I’m busting to talk about all of them, but I wanted to start with Malinche, by Laura Esquivel because, to be blunt, I wanted very much to get it off my desk.

You see, I have to unhappily confess that I didn’t like it. Not one bit. This, despite my excitement when I first found it and eagerly began reading. I absolutely loved Esquivel’s novel Like Water for Chocolate and I think of it often. I’m not a big fan of romance, but Laura’s perchance for magic realism had me completely entranced by the tragic love story of Tita and Pedro.

And, by the blurb of Malinche I was expecting a somewhat similiar experience here:

When Malinalli, a member of the tribe conquered by the Aztec warrior, first meets the conquistador Hernan Cortes and becomes his interpreter, she – like many – believes him to be the reincarnated forefather god of her tribe. Naturally, she assumes she must welcome him, and help him destroy the Aztec empire and free her people. The two fall passionately in love, but Malinalli soon realizes that Cortes’s thirst for conquest is all too human, and that he is willing to destroy anyone, even his own men – even their own love.

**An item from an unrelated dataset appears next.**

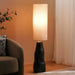 Bravado E27 Polyresin Floor Lamp Dia 27X123Cm - Black Pan Home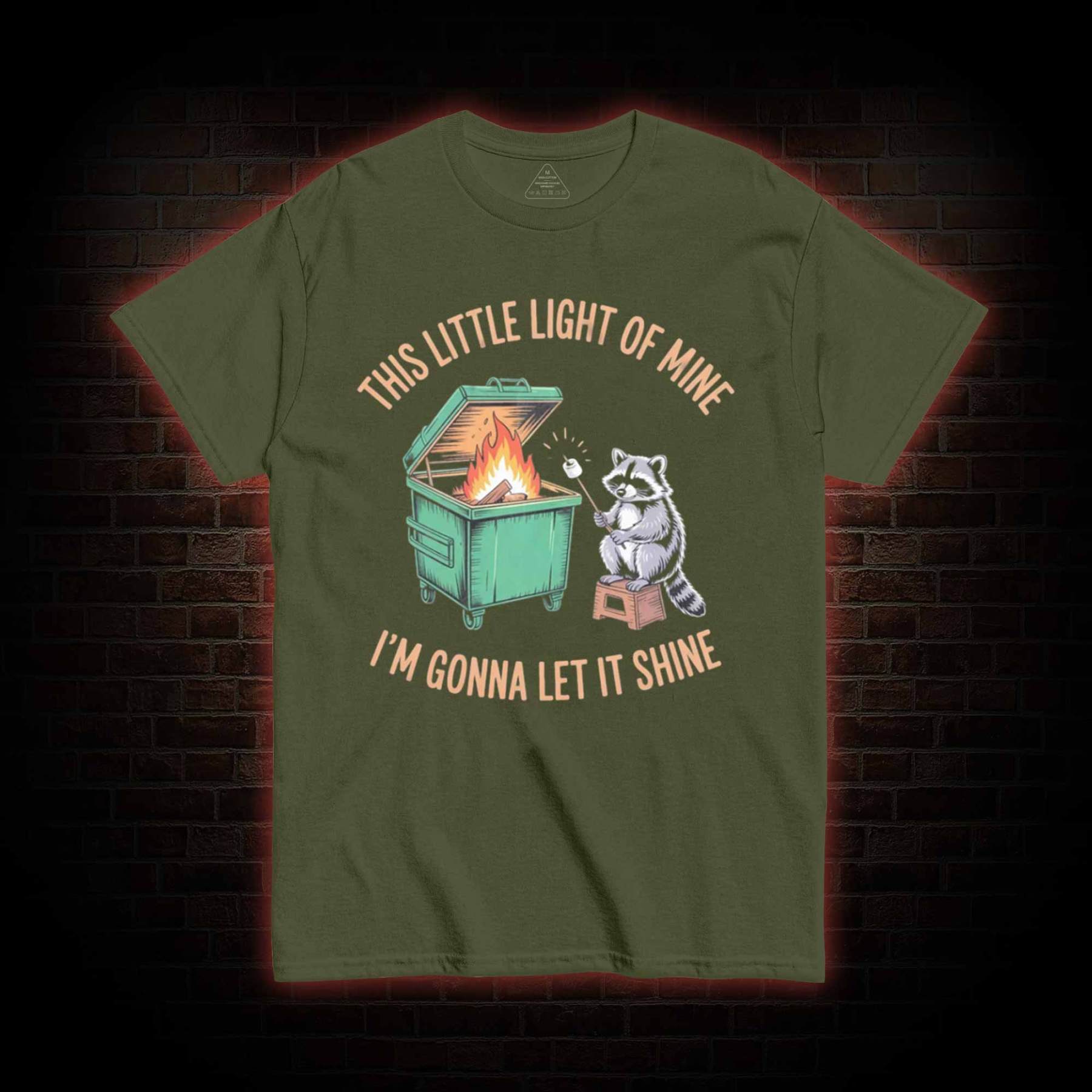 Dumpster Fire Raccoon T-shirt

Bursting with lyricism and vivid imagery, Malinche finally unveils the truth behind this legendary and tragic love affair.

Now, I’ll first up admit that I don’t know much about Mexican history. I didn’t know the story of Malinche before this novel, and many of the religious references went way above my head.

I did get the sense that this novel was about a time of great upheaval, when individuals, cultures and religions violently collided for both love and money. Cortes and his Spaniards enter as explorers, transform as conquistadors and stay on as owners. Malinche, who’s life had been one of spirit and sorrow even before the arrival of the Spaniards becomes involved and implicated in their mission, as both translator and confidant.

Interestingly, in history, Malinche is seen by many as a traitor to her people, although Esquival’s treatment of this deeply spiritual character was far more generous. I don’t feel we are meant to see her at fault in this tale.

I’ll admit, the deeper meanings of the relationships, regions and religions were a little lost on me and the style of storytelling did not really provide me with enough to grab hold of. But my disappointment in Malinche was about more than just the narrative or subject matter. I was most perturbed by the almost complete lack of love story in this novel, despite it’s synopsis.

This novel was about violence, about pillage and conquest. Malinche was not romanced, she was taken. She was assaulted and possessed as a slave, and only makes fleeting and unbelievable references to love or passion throughout the novel. I saw no romance here, only ownership.

To be fair, Esquival’s ability to construct beautiful, lyrical and visual prose is undeniable and I was never left wanting when it came to the ‘what’ of the story:

“First came the wind. Later, like a flash of lightning, like a silver tongue in the heavens over the Valley of Anahuac, a storm appeared that would wash the blood from the stones. After the sacrifice, the city darkened and thunderous eruptions were heard. Then, a silver serpent appeared in the sky, seen distinctly from many different places.”

It was as to the ‘why’ and ‘how’ of the story that I struggled. I’m not adverse to non-linear narrative but I really did feel that there were huge gaps in this novel. Some of this could have been due to translation, but I’m really not convinced that this was the problem in this case. I think it just tried to be a bit too esoteric for its own good and as a result come across as vague and clunky.

I can’t in good conscience recommend this book. If you really enjoy highly spiritualised storytelling then maybe you’ll enjoy this, but overall this novel is very hard work with minimal reward.

I feel really bad about having not really ‘gotten’ this book, so I think to make up for it I might re-read Like Water for Chocolate soon – that’ll make me feel better…

Has anyone else read Malinche? What did you think of it? Am I right off track?